• [WHAT YOU HAVE TO DO]
Copy out exactly, from the entries that follow, the line holding "a hockey player", the line holding "Bulanık, yumuşak kıvrımlarda", and all lines between them, but no pictures.

• [INPUT]
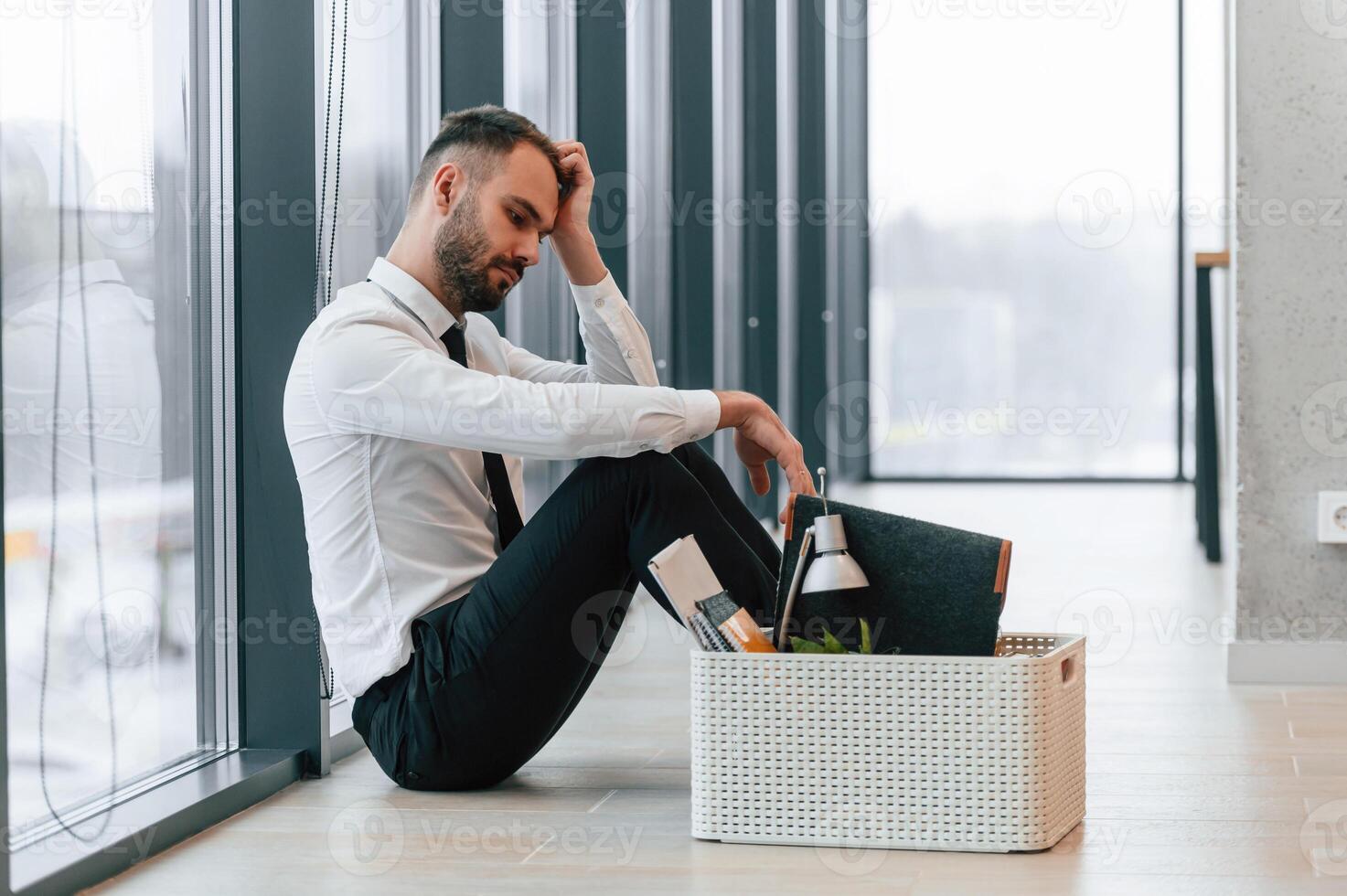 Feeling bad, sitting, on floor. Unemployed man is with personal belongings after being fired photo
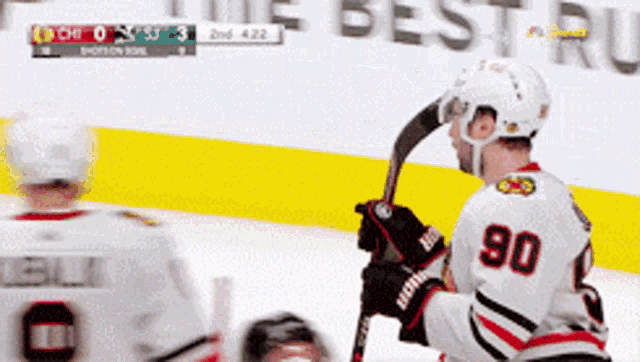a hockey player with the number 90 on his jersey stands on the ice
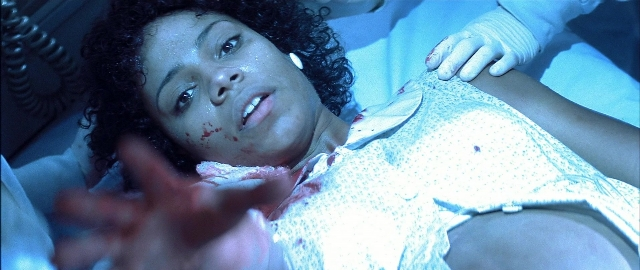 Wide shot frame from Blade — bed, face, person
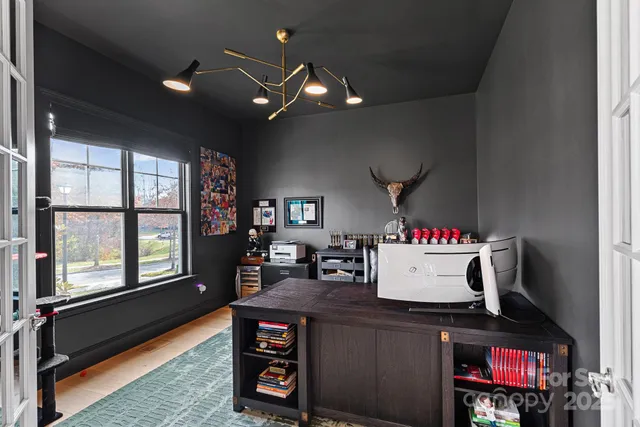 a room with furniture and a flat screen tv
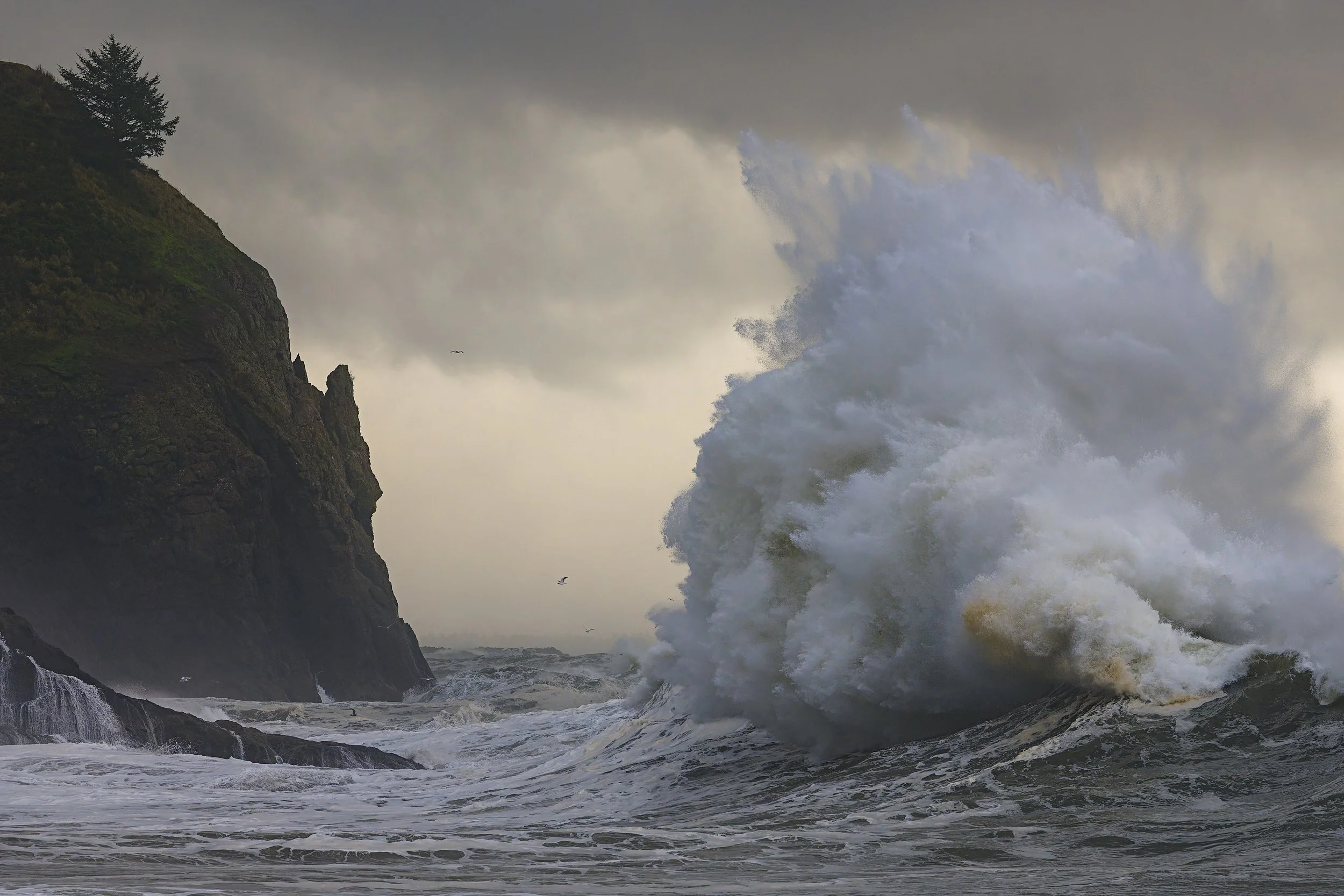 Large ocean wave crashing against rocky cliff with cloudy sky in the background.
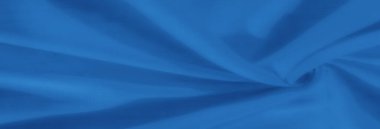 Bulanık, yumuşak kıvrımlarda parlayan parlak mavi kumaşın dinamik bir görüntüsü. Işık ve gölgenin etkileşimi malzemelerin pürüzsüzlüğünü ve zengin mavi tonunu artırır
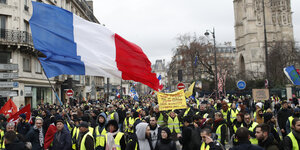Teilnehmer einer «Gelbwesten»-Demonstration marschieren durch Paris, einer hält eine Frankreich-Flagge in die Höhe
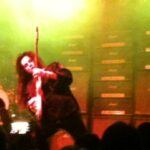 Yngwie Malmsteen playing live on stage with stacks of Marshall amplifiers behind him. 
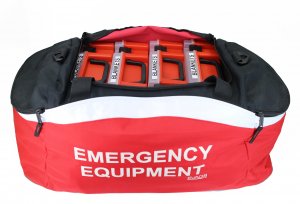 red emergency equipment holdall with boxes of blankets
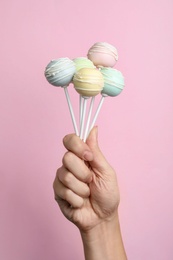 Woman holding sweet cake pops on pink background, closeup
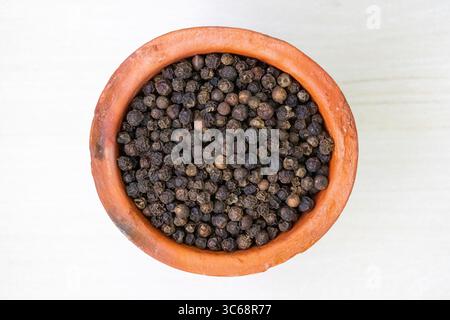 Vista dall'alto verso il basso di una tazza di argilla riempita di grani di pepe nero. Foto Stock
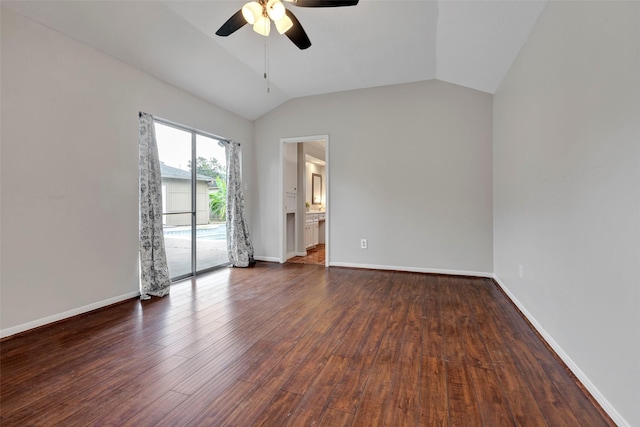 empty room with ceiling fan, vaulted ceiling, baseboards, and wood finished floors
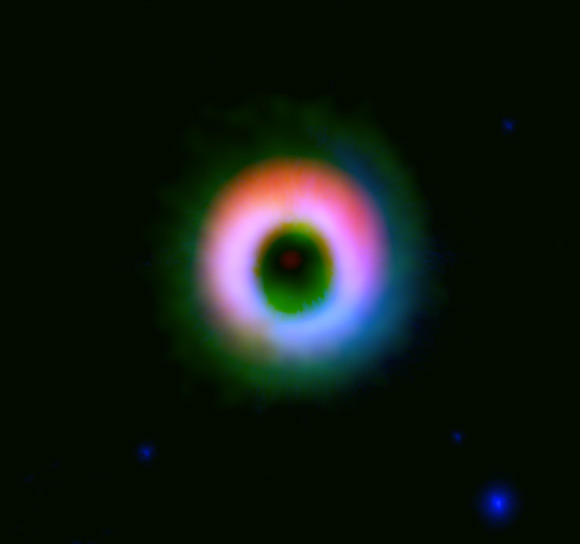 This image shows a dusty protoplanetary disk around HD142527. The dust and gas are shown in red and green, respectively; near-infrared image taken by the NAOJ Subaru Telescope is shown in blue. The image clearly shows that the dust is concentrated in the upper part of the disk. Image credit: ALMA / ESO / NAOJ / NRAO / Fukagawa et al.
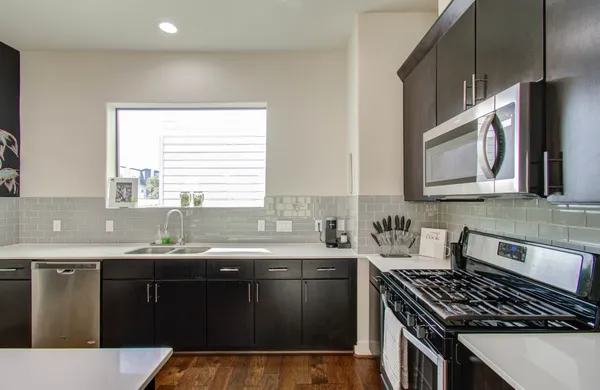 a kitchen with stainless steel appliances a sink stove and cabinets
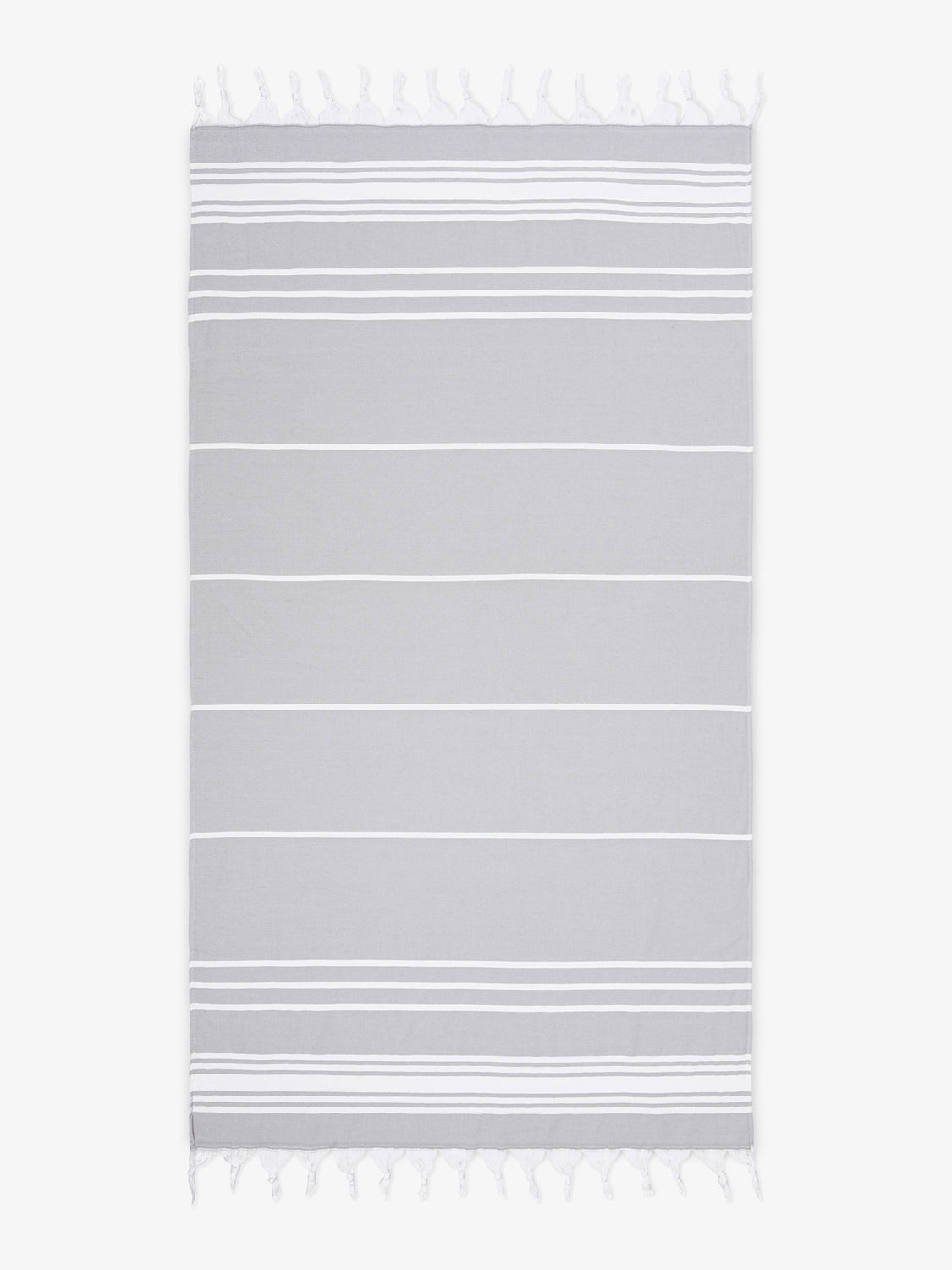 An oversized, gray and white striped Turkish cotton towel with white fringe laid out.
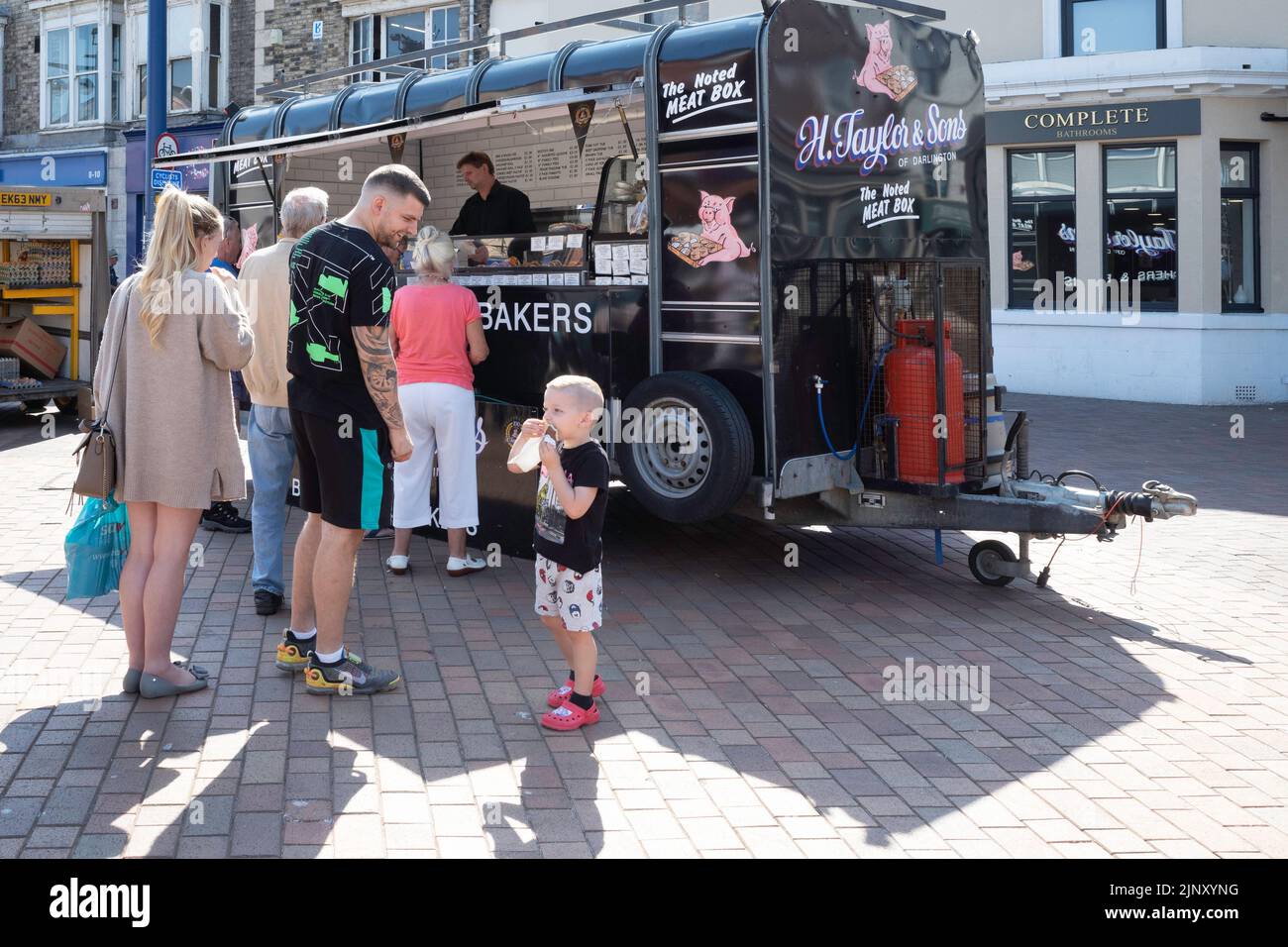 A queue waiting to buy from H Taylor and Sons meat and pie stall in the weekly market in Redcar Stock Photo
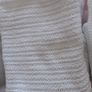 3 cellular baby blankets .Grey and white one are new  .One white one is slightly stained hence giving that one for free . Image 2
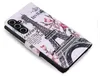 A close-up, angled view of a white flip phone case with a vintage-style illustration of the Eiffel Tower and flowers. Produktbild-Vorschau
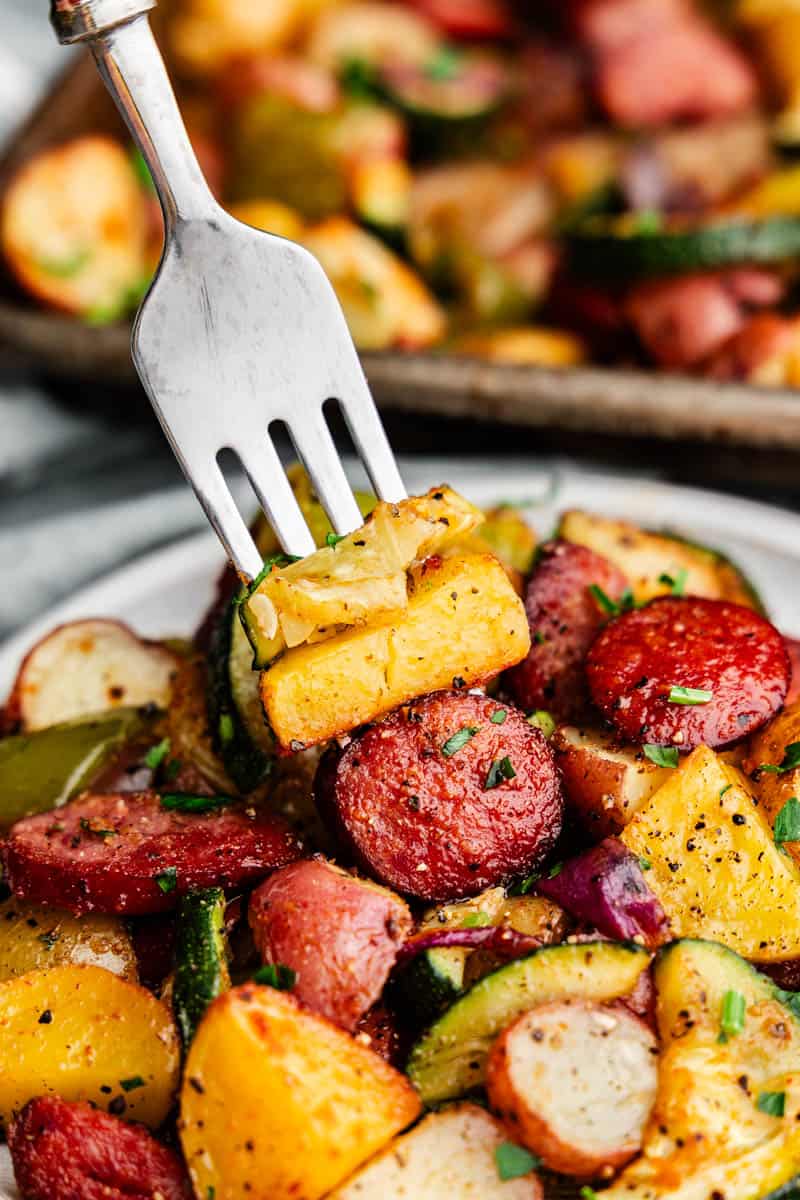 A close-up photo of vegetables and sausage spearing a fork off a plate.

• [ANSWER TO THIS TASK]
a hockey player with the number 90 on his jersey stands on the ice
 Wide shot frame from Blade — bed, face, person
 a room with furniture and a flat screen tv
 Large ocean wave crashing against rocky cliff with cloudy sky in the background.
 Bulanık, yumuşak kıvrımlarda parlayan parlak mavi kumaşın dinamik bir görüntüsü. Işık ve gölgenin etkileşimi malzemelerin pürüzsüzlüğünü ve zengin mavi tonunu artırır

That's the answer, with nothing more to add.